Tim dokter percaya Otto mengalami gagal pernafasan, sehingga kondisinya seperti itu. Biasanya terjadi akibat kurangnya oksigen dan darah ke otak.
Pada hari Kamis, 15 Juni 2017, ayah dari Otto, Fred Warmbier, mengungkapkan keraguan keterangan Korut tentang penyebab koma anaknya.
"Bahkan jika Anda yakin bahwa botulisme dan pil tidur yang menyebabkan koma--kami tidak--tidak ada alasan bagi sebuah negara beradab untuk merahasiakan kondisinya dan telah menolaknya untuk perawatan medis terbaik," kata Fred.
Otto Warmbier adalah mahasiswa ekonomi dari University of Virginia. Ia berasal dari Cincinnati, Ohio.
Warmbier berada di Korea Utara sebagai turis bersama Young Pioneer Tours ketika ditahan pada 2 Januari 2016.

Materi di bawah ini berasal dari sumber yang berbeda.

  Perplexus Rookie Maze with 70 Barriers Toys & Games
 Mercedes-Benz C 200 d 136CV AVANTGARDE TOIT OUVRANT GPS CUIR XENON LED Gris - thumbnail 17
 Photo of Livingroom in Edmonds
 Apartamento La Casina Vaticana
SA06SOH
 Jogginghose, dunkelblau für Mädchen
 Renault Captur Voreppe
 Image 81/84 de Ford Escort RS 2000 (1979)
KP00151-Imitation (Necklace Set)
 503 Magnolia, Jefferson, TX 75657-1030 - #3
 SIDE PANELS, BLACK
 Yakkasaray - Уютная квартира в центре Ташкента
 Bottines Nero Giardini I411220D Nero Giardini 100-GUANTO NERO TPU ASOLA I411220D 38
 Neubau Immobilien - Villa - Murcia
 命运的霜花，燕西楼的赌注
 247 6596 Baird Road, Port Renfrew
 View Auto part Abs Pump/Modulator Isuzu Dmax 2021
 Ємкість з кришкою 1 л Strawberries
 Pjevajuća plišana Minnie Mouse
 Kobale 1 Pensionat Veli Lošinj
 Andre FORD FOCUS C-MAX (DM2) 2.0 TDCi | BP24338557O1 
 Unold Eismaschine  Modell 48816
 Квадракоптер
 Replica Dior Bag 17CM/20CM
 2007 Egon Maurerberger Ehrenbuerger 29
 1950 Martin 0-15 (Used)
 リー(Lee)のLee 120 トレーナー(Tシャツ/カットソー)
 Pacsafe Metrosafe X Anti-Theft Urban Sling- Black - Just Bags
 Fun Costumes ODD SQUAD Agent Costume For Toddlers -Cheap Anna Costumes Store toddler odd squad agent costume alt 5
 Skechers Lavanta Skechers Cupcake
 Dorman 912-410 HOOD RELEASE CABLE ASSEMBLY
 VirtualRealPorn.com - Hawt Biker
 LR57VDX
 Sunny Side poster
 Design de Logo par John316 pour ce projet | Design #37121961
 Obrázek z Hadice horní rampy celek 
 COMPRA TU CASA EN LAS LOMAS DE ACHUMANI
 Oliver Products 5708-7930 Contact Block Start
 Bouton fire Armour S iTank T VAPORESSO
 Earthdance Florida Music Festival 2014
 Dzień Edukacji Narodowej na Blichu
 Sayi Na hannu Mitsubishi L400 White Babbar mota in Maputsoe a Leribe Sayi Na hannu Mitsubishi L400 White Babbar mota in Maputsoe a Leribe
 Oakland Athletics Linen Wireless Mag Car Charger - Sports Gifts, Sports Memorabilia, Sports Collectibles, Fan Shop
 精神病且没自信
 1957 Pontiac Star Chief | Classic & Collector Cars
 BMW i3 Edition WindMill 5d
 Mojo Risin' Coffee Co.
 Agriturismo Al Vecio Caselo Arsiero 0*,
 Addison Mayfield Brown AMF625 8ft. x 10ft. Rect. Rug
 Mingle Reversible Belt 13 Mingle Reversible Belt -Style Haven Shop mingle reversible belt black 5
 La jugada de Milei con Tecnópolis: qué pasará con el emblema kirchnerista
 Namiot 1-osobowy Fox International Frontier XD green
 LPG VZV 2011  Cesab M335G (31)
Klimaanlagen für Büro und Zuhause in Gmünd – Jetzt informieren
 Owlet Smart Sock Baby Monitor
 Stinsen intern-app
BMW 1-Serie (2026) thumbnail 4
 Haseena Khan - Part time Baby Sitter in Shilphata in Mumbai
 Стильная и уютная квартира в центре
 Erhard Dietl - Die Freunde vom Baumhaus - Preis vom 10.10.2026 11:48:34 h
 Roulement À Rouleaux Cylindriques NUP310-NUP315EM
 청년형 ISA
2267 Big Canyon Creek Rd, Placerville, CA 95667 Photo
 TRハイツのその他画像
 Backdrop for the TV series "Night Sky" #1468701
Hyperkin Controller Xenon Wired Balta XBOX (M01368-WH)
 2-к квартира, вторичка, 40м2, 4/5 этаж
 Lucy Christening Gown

Pemuda itu terlihat sangat emosional saat menggelar konferensi pers sebulan kemudian. Di situ ia menangis tersedu-sedu saat mengaku telah mencoba mengambil pamflet sebagai bakal oleh-oleh untuk gereja di AS.
"Tujuan saya ini jelas menyakiti motivasi dan etos kerja bagi warga Korea Utara." kata Warmbier saat itu.
Tahanan Korea Utara , terutama orang asing, diwajibkan membuat pengakuan bersalah secara terbuka. Kelak ketika dibebaskan dan kembali ke negaranya, mereka melakukan itu dalam kondisi tertekan.
Setelah pengadilan yang singkat pada 16 Maret, Warmbier dijatuhkan hukuman 15 tahun penjara karena kejahatan melawan negara.